Your editor, interviewed by Imtiaz McDoom Gafoor,
talks about his adventures in palmland in the first of two chats
about the world of palms and his part in it. by Imtiaz McDoom-Gafoor, London, UK from Chamaerops No.37 Winter 2000, published
We are approaching the 9th anniversary of the formation
of the European Palm Society and so I thought it would be a suitable
opportunity to interview our editor. On a recent visit to the Palm
Centre I interviewed Martin and we explored such subjects as the
European Palm Society, The Palm Centre, and of course his many palm
expeditions abroad which have introduced so many new palms into
cultivation. In this issue we cover most of the exciting new palms
and other exotic plants, and how they were discovered and made available
to cultivation. In the next issue we look at the challenges of palm
exploration, the formation of the European Palm Society, the Palm
Centre and other matters.
IMG: You are associated with introducing several
new species of palms into cultivation. Lets examine some of
these starting with the genus Trachycarpus. What prompted you to
get involved with Trachycarpus and where is it found?

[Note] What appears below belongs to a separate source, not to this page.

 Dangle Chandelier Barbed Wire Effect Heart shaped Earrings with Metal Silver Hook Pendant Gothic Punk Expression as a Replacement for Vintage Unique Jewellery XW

Martin: Investigating Trachycarpus was a spin off
of starting the Palm Centre. My first love is hardy palms and it
was discovering which species could be successfully grown outdoors
in the UK that prompted my explorations. I knew there were several
other species of Trachycarpus that were written about but there
seemed to be very little in cultivation. I developed a passion for
Trachycarpus and over the next seven years I went on several major
expeditions to try and find the different species.
Trachycarpus grows in a broad band across the foothills of the Himalayas
from west to east. There is T. takil in the extreme west in western
Nepal and northern India, and T. nanus at the other end. The genus
grows across Nepal into north-east India, Sikkim, Burma, Thailand
and China. I also suspect that there are more, undiscovered species
of Trachycarpus where the Himalayan mountains taper out, over towards
IMG: Who do you travel with?
Martin: Most of my trips were done with Toby Spanner
who has a nursery similar to the Palm Centre, in Munich in Germany.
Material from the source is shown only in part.